• STORED DATA:
----

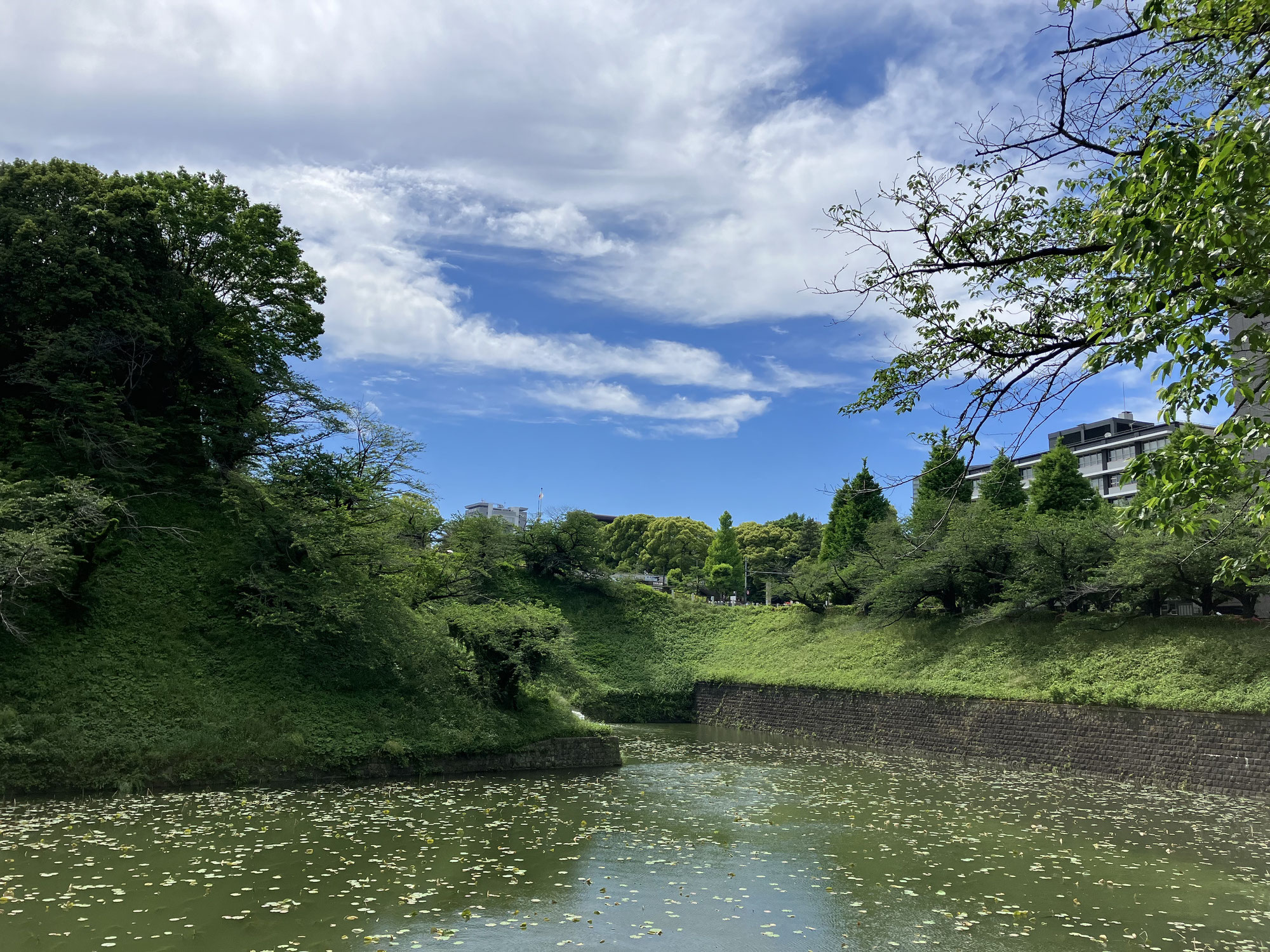 ハラスメント研修の実施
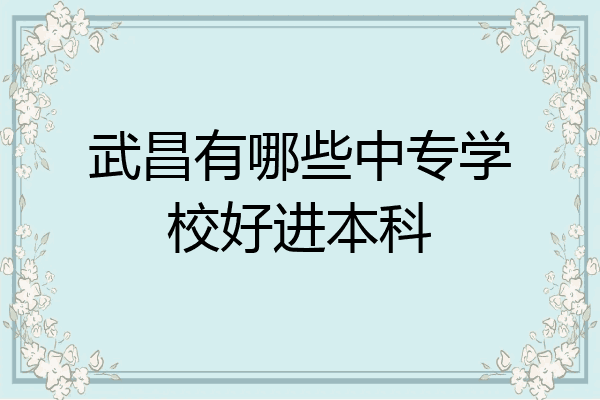 武昌有哪些中专学校好进本科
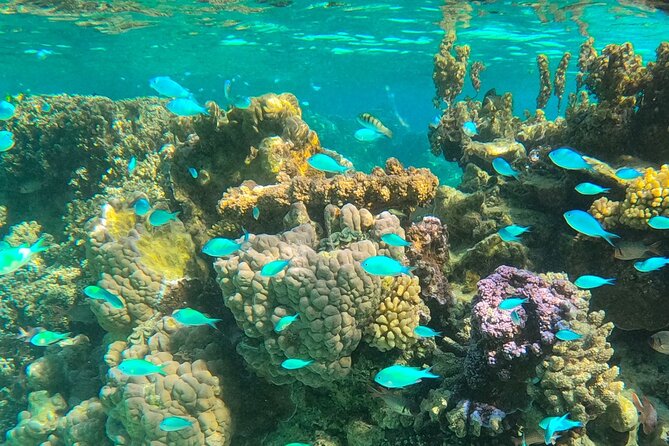 Bora Bora Combo Tour: Lagoon Cruise and 4WD Tour Including Snorkeling - The 4WD circuit around Bora Bora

----

• WHAT IS BEING ASKED: Pictures stay out of this copy. Retype exactly the lines from the one with "武昌有哪些中专学校好进本科" through the last line of the data, both ends included, and nothing more.

• ANSWER AREA:
 武昌有哪些中专学校好进本科
 Bora Bora Combo Tour: Lagoon Cruise and 4WD Tour Including Snorkeling - The 4WD circuit around Bora Bora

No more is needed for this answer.